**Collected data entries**
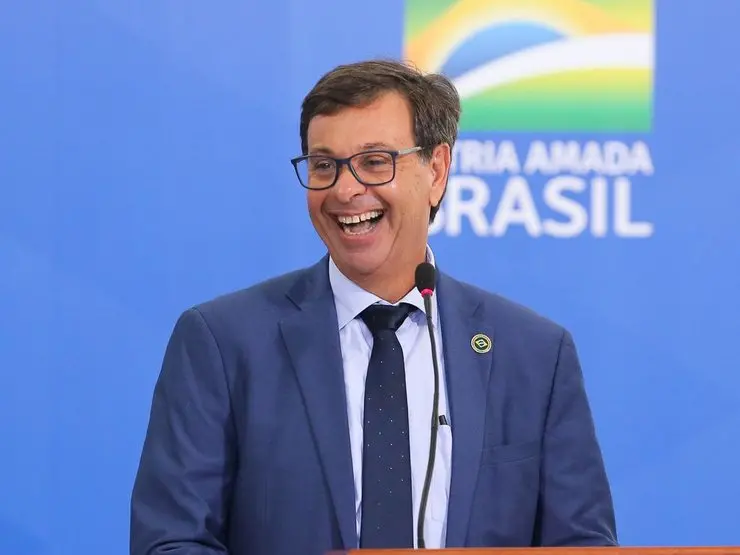 Gilson disse ao jornal, em nota, que estaria imunizado e que tinha seu comprovante de vacinação em mãos. | Foto: Reprodução/Internet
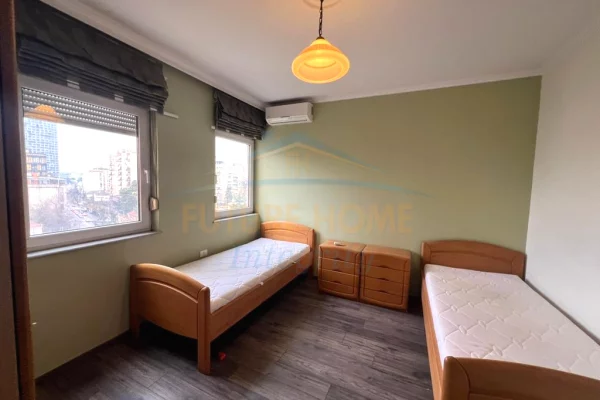 Shtepi me qera Apartament ne Tirane, 2+1, Mobilimi E mobiluar, Pagesa 1,100  Euro.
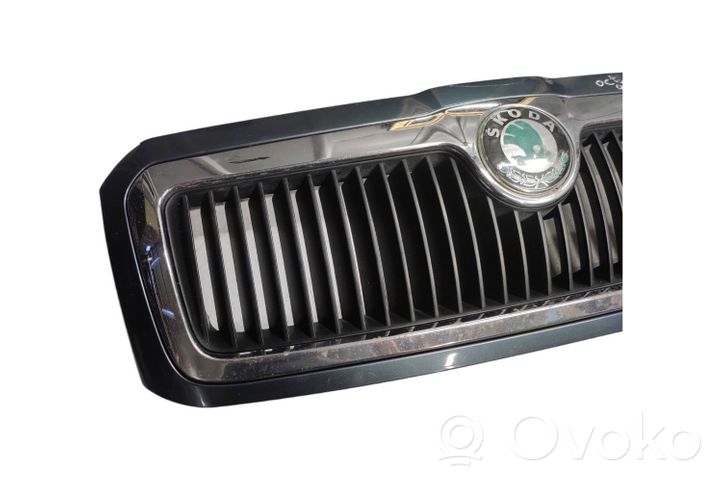 Skoda Octavia Mk1 (1U) Maskownica / Grill / Atrapa górna chłodnicy 1U0853651E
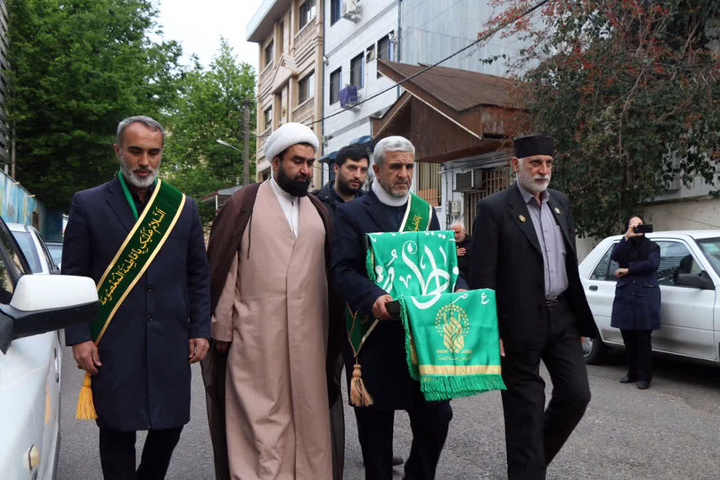 استقبال پرشور مردم گیلان از خادمان و پرچم متبرک حرم بانوی کرامت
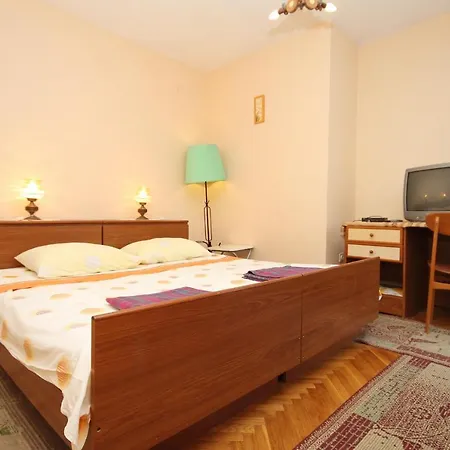 Apartment With Wifi - 9278 Korčula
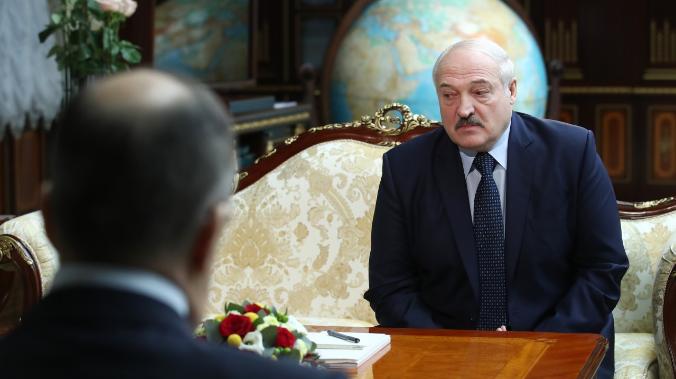 Лукашенко заявил о своём уходе после принятия конституции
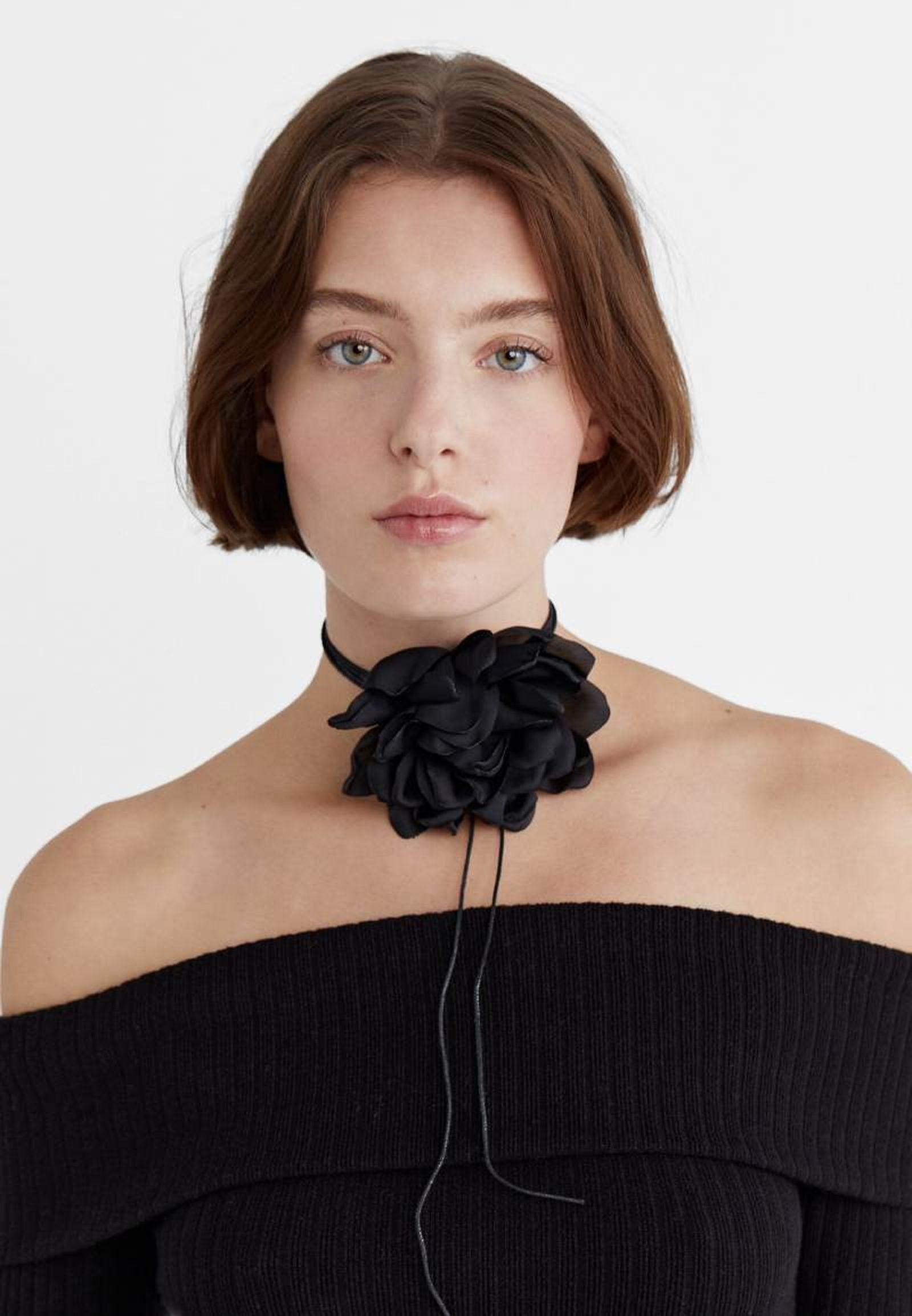 Choker flor en organza de Stradivarius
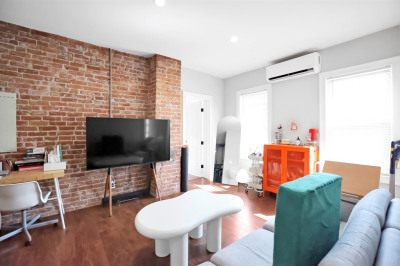 284 E Eighth Street #4 1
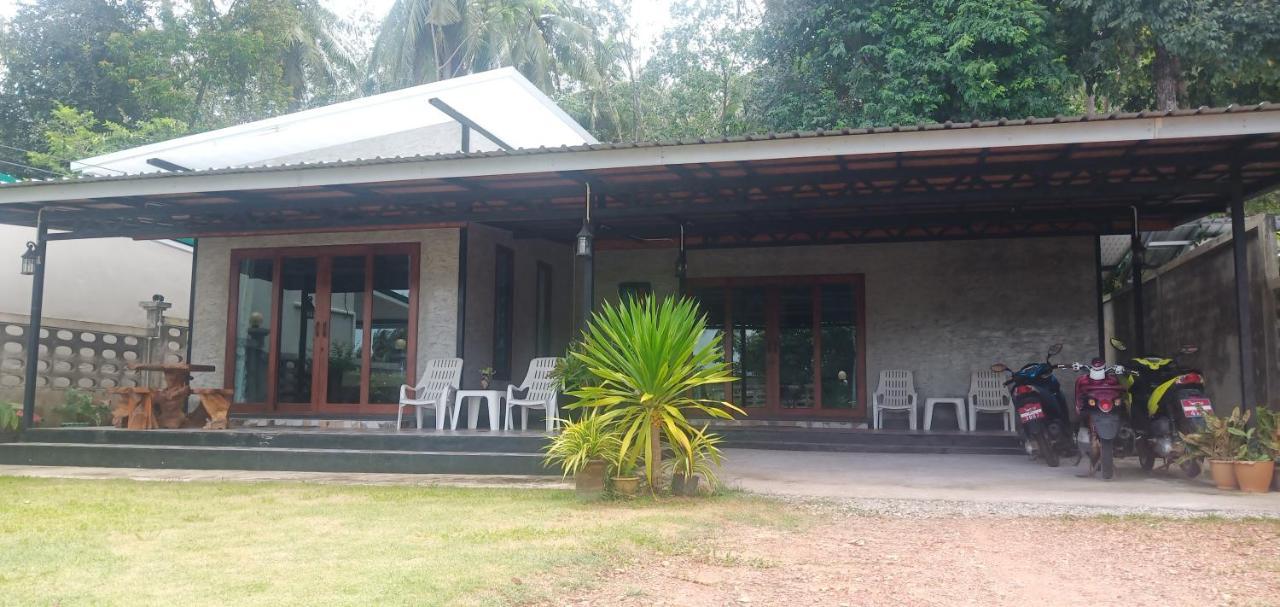 Kohjum Freedom Resort Koh Jum Εξωτερικό φωτογραφία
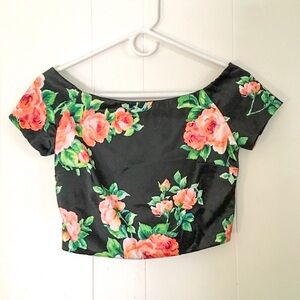 Floral Off the Shoulder Crop Top Full Back Hidden Zipper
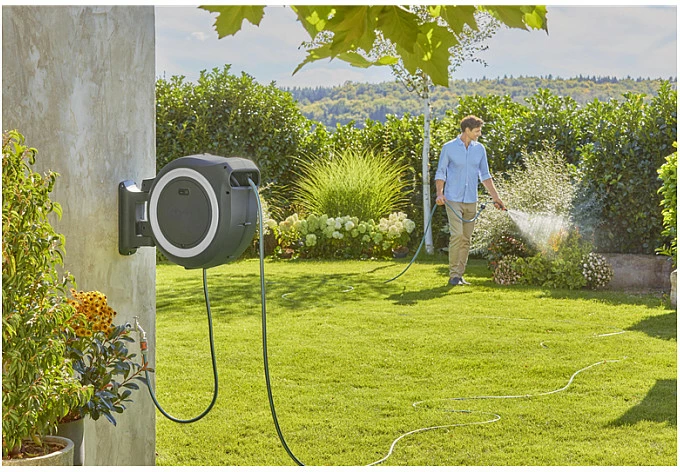 Kasetë muri për zorrë GARDENA 18647-55, 40m, me bateri, e zezë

**Task instructions**
The lines to copy begin at the one containing "284 E Eighth Street #4 1" and end at the last line of the records. Set down exactly those lines and no others, both ends included, and omit all pictures.

**Answer to this exercise**
 284 E Eighth Street #4 1
 Kohjum Freedom Resort Koh Jum Εξωτερικό φωτογραφία
 Floral Off the Shoulder Crop Top Full Back Hidden Zipper
 Kasetë muri për zorrë GARDENA 18647-55, 40m, me bateri, e zezë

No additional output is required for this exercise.